Throttling, Traffic Shaping, Traffic Shedding and Circuit Breakers in System Design
Brownout refers to the failure of a system under high load or unanticipated circumstances. Throttling, traffic shaping, traffic shedding and circuit breakers are techniques for maintaining system stability and averting these brownouts.
Throttling controls the rate or bandwidth at which an application processes requests, like a water tap controlling the rate of flow. By limiting the number of requests, throttling prevents system overloads, ensuring resource fairness and prioritization among users. However, when not configured correctly, throttling can lead to significant service response delays and system failures.
Traffic shaping not only controls the rate of requests but also manages the allocation of available resources. It's like a traffic officer managing vehicle flow on a busy road. Traffic shaping might involve buffering (storing) excessive requests or delaying packets to smooth out traffic bursts, ensuring a steady flow of requests that the system can handle. This, however, may result in increased latency and service degradation.

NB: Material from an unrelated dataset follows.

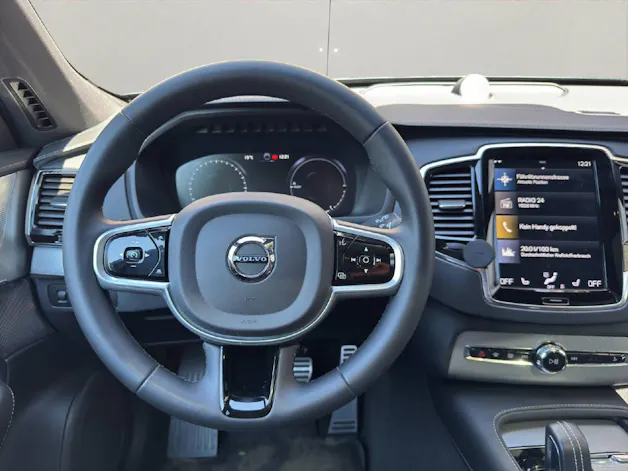 Volvo XC90 2.0 T8 TE R-Design 7P. eAWD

Traffic shedding is essentially rejecting incoming requests when the system is under extreme load or imminent danger of failure. It is the last resort when all other defensive mechanisms fail or are inadequate to prevent system overload. Traffic shedding helps to maintain the system's availability by discarding non-critical tasks or low-priority requests, thereby freeing up resources for more critical operations. However, traffic shedding requires a sophisticated understanding of the system's priorities to minimize the impact on essential operations and user experience.

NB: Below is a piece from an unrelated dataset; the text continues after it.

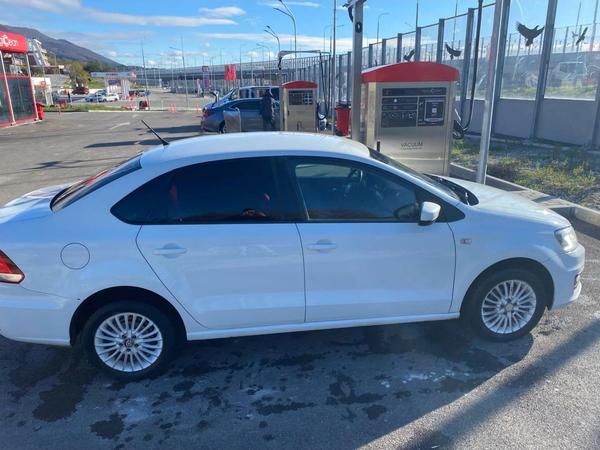 Volkswagen Polo 2015, фото 4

The Circuit Breaker pattern is a type of design pattern in software development used for detecting service failure and providing an alternate service or failing gracefully instead of waiting for a response. When a system encounters repeated service failures, the circuit breaker 'trips,' 'opens' the circuit, and the system will either return an error or redirect to a fallback service without delay. The circuit breaker helps prevent the system from continually attempting a likely-to-fail action, safeguarding the failing service from further overload by incoming requests.
Throttling and traffic shaping are more preventive, controlling and managing the flow of incoming requests, ensuring the system remains stable under varying loads. In contrast, traffic shedding and the circuit breaker pattern are more reactive, coming into play when the system is under extreme pressure or when a service becomes unresponsive or fails. Throttling and traffic shaping are the first lines of defense. If the load continues to increase and the system nears its limit, traffic shedding can discard less important requests. And if a service fails or becomes unresponsive, the circuit breaker steps in to prevent this failure from affecting the system's overall performance.